Detailed Description
The present invention will be described in further detail with reference to specific examples, but embodiments of the present invention are not limited thereto.
In order to improve the efficiency and the accuracy of the low elevation DOA estimation of the S-band radar target, the embodiment of the invention provides a low elevation DOA estimation method of the S-band radar target based on beam domain dimension reduction. Referring to fig. 1, the method comprises the steps of:
s1: and acquiring original high-dimensional input data x (t) received by the S-band array radar.
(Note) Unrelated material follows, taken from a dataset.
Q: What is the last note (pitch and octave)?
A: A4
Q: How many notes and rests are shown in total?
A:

In a practical environment, a signal received by the S-band array radar contains both a direct wave and multipath echoes, and a mathematical model of original high-dimensional input data received by the S-band array radar can be defined as:
x(t)=(a(θ d )+ρa(θ i ))s(t)+n(t),t=1,2,…,L;
wherein,representing a direct waveguide vector;representing multipath echo steering vectors; wherein exp (·) is an exponential function based on a natural constant e, j is an imaginary sign, θ d Representing the elevation angle, theta, of the direct wave i The method comprises the steps of representing an echo elevation angle, lambda representing radar working wavelength, d representing array element spacing, M representing the number of array elements of an S-band array radar, and superscript T representing vector transposition; ρ represents an attenuation coefficient, s (t) represents a spatial signal, and n (t) represents a noise signal; l represents the snapshot number.
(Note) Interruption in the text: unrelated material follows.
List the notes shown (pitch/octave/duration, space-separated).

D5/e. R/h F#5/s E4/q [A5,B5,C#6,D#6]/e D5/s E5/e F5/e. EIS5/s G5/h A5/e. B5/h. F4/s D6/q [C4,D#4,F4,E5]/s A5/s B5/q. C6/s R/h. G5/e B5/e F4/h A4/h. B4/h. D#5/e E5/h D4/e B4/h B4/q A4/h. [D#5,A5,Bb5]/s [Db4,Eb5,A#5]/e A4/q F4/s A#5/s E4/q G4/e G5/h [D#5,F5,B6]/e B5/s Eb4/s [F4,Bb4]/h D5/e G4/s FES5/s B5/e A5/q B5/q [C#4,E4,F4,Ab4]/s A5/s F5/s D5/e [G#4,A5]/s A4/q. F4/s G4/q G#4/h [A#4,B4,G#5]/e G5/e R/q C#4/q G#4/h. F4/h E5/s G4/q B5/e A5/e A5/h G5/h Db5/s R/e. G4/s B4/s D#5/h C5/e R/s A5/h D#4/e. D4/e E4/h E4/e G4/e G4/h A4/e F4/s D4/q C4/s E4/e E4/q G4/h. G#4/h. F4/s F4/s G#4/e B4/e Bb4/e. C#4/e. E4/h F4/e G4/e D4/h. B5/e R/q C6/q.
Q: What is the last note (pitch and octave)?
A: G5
For an actual S-band array radar device, the original high-dimensional input data received by its M array elements is represented as follows:
wherein g represents the array element gain; w (w) 0 =2pi f represents elevation angle, c is light velocity, f represents radar operating frequency, τ represents τ time;representing steering vectors, s i (t) represents a spatial signal vector, n i (t) represents a noise signal vector, i=1, 2,..n, the spatial signal is an N x 1 dimensional vector.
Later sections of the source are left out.